What scientists are calling a "game changer" for society has been discovered deep in Tanzania's Rift Valley: a massive helium gas field with enough of the precious commodity to fill more than 1.2 million MRI scanners, Phys.org reports.
Besides the sheer amount of gas, the discovery is notable because it appears to be the first time that stores of helium have been purposely found (they're usually stumbled upon during oil and gas drilling).
And the find, which will be presented Tuesday by Durham University PhD student Diveena Danabalan at a Japanese geochemistry conference, could help restock nearly depleted stockpiles.
Researchers figure there's about 54 billion cubic feet of helium in just one section of the valley. To put that in context, the Federal Helium Reserve in Texas, which supplies more than 40% of domestic helium needs and contains about 30% of the world's total helium supply, right now holds about 24.2 billion cubic feet, per Live Science.
"It could be substantially larger," researcher Jon Gluyas says. "This is a globally significant discovery." The scientists from Durham, working with Oxford University counterparts, used a new method of gas exploration to track down the Rift Valley helium, studying volcanic activity in the region, as well as how intense heat from that activity works to release helium trapped in the Earth's crust, and then pinpointing which sites would likely prove to be plum drilling sites, much like those looking for oil would do.

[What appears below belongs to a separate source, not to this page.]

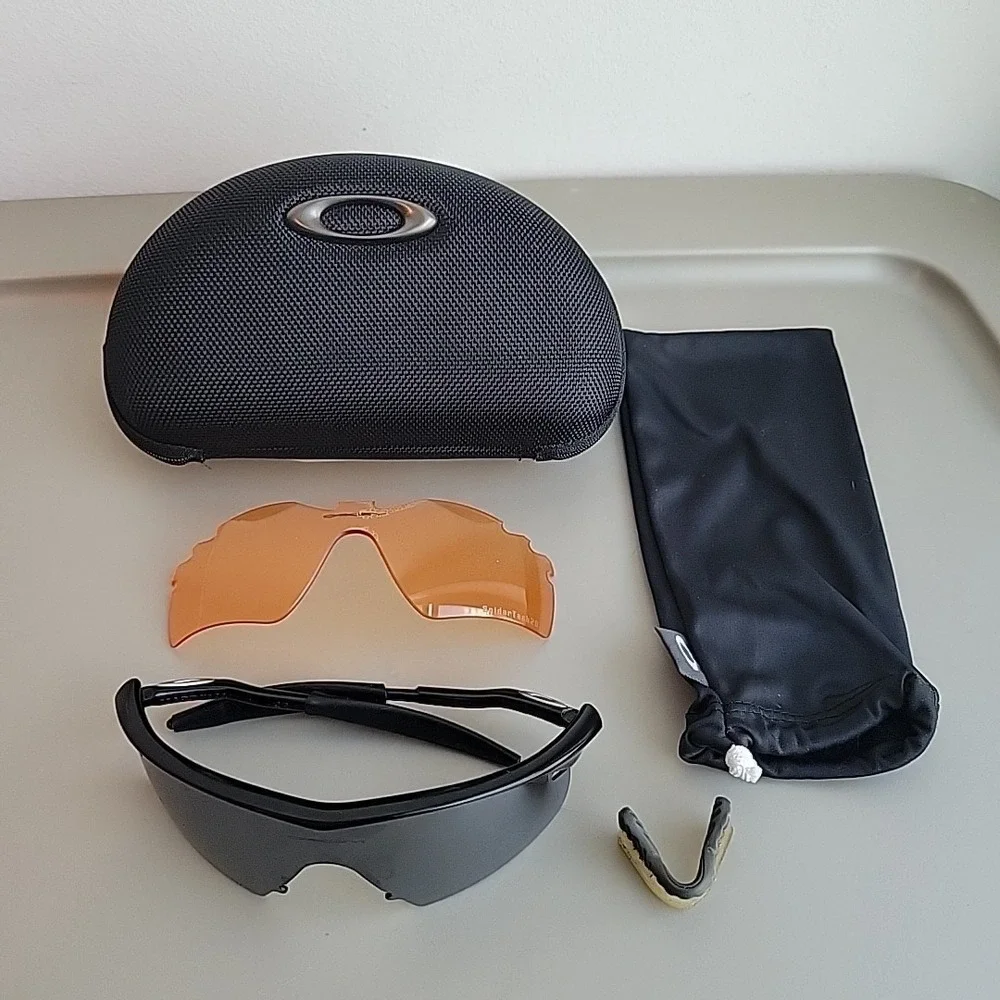 OAKLEY M Frame Sunglasses Sport Shield Wrap Cycling Baseball Black Lens USA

The problem arises when the helium-storing rocks are too close to the volcanoes—meaning the helium will be mixed in with and diluted by volcanic gases—so now the researchers' next goal is to find the sweet spot (or, as Danabalan puts it, the "Goldilocks zone") "where the balance between helium release and volcanic dilution is 'just right.'" (Danabalan has been on the hunt for helium for some time.)